Since they work on calculating the exact probability, it can be computationally burdensome as the sample size increases to use exact tests. However, we can show that as the sample size increases, the resulting p-values tend to converge to what we would observe for the chi-squared test. This helps us identify that if we meet the assumptions of a chi-squared test, especially if we have larger sample sizes, we can just use the computationally less intense asymptotic tests.

Paired Data Tests

If our assumption of samples being independent is violated, we cannot use the chi-squared test of independence. This could occur if our study design involved matching two participants to belong to two separate groups (e.g., matching by age/sex/disease severity for participants in a study) or because the test if conducted on the same participant (e.g., a cross-over trial where participants receive both treatments).

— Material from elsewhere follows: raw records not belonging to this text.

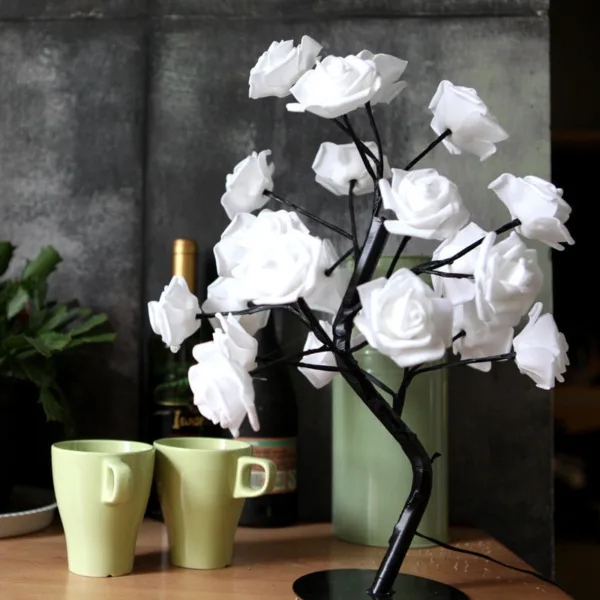 Rose Flower Lamp USB Battery Operated LED Table Lamp Bonsai Tree Night Lights Garland Bedroom Decoration Lights Home Decor - Image 12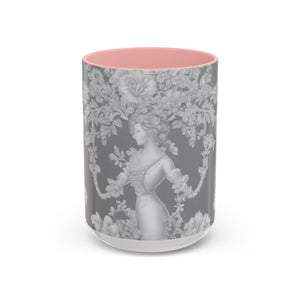 Accent Color Coffee Mug (11, 15oz), Pearl Lady Toile/Slate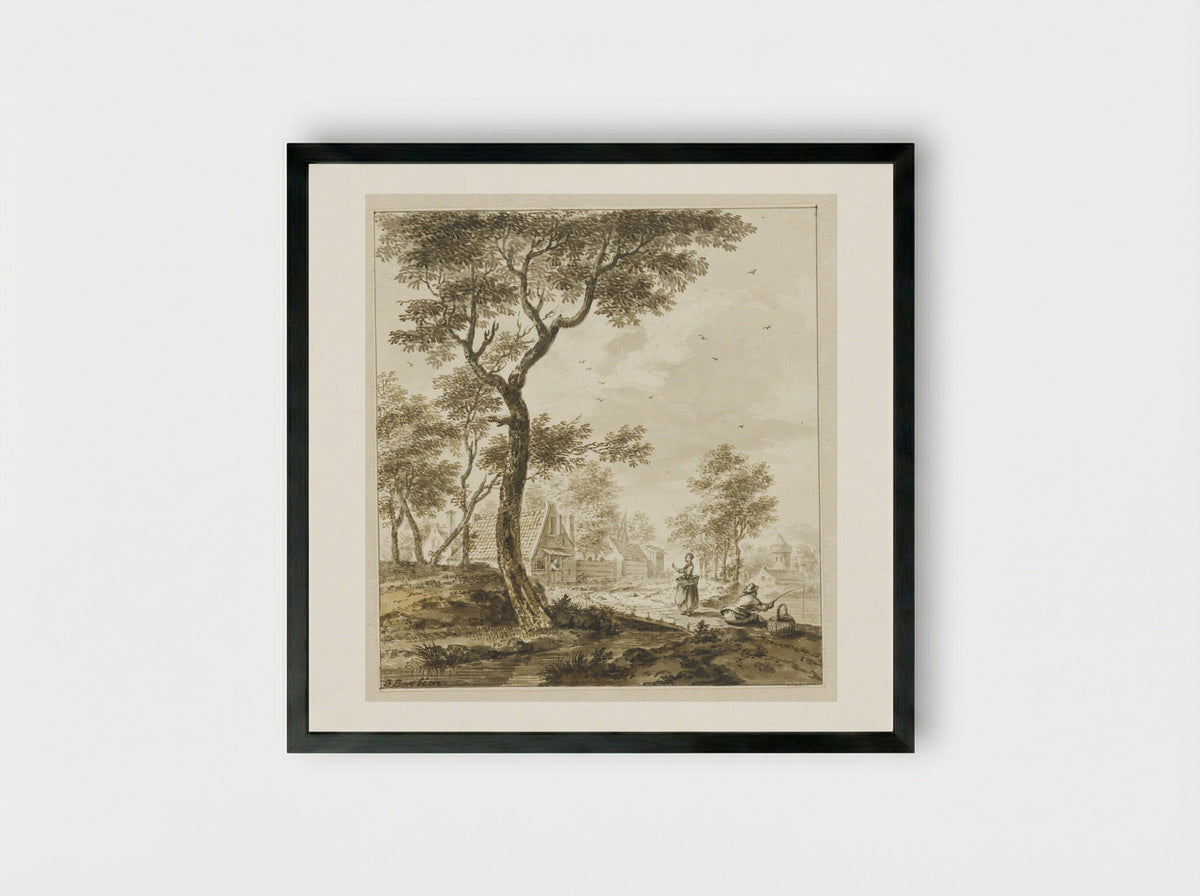 Landschap met figuren en rechts een hengelaar - Bartholomeus Barbiers - Framed Print Black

To address this violation of the independence assumption, we need to use a test that accounts for the dependent nature of the data. McNemar’s test is one such test. If you have a small sample (e.g., the number of discordant pairs that have different outcomes is <20) we can calculate an exact p-value using an exact binomial test, whereas if you have a “large” sample (e.g., >20 discordant pairs) we can use asymptotic theory to essentially conduct a chi-squared test.

How to Choose What to Use

Many times when we are doing an analysis, we realize that there is not a single method that is “right” to use, but multiple choices. A good example of this is that if we have enough computation power to compare some exposure between two independent samples, we could run a Fisher’s exact test or a chi-squared test (with our without continuity correction) and have both approaches be perfectly valid.

This can lead to the very true concept that statistics is just as much art as science. If you are doing an analysis, some things to keep in mind that might help choose the best method(s):

  • Are my assumptions met? If not, don’t do the test! (Or at least run some simulations to identify what are the implications of the violated assumptions.)
  • What is the most parsimonious? Parsimony in statistics is the idea that we should choose the simplest model or approach for addressing a given question. If you have multiple variables to test for independence/association, you might choose to use Fisher’s exact tests for all of them to keep it simple when presenting your results (versus noting chi-squared versus Fisher’s exact tests used depending on modeling assumptions). When we transition to linear regression, we’ll see this concept also apply to reducing the complexity of the chosen regression model.
  • What are the existing customs or practices in this discipline? In certain cases, if multiple approaches are equally valid, you may consider seeing if the field has a standard approach they like to use. As long as it doesn’t violate our assumptions and we don’t think it is overly complex for a given scenario, we might elect to use what others are familiar with to avoid potential confusion.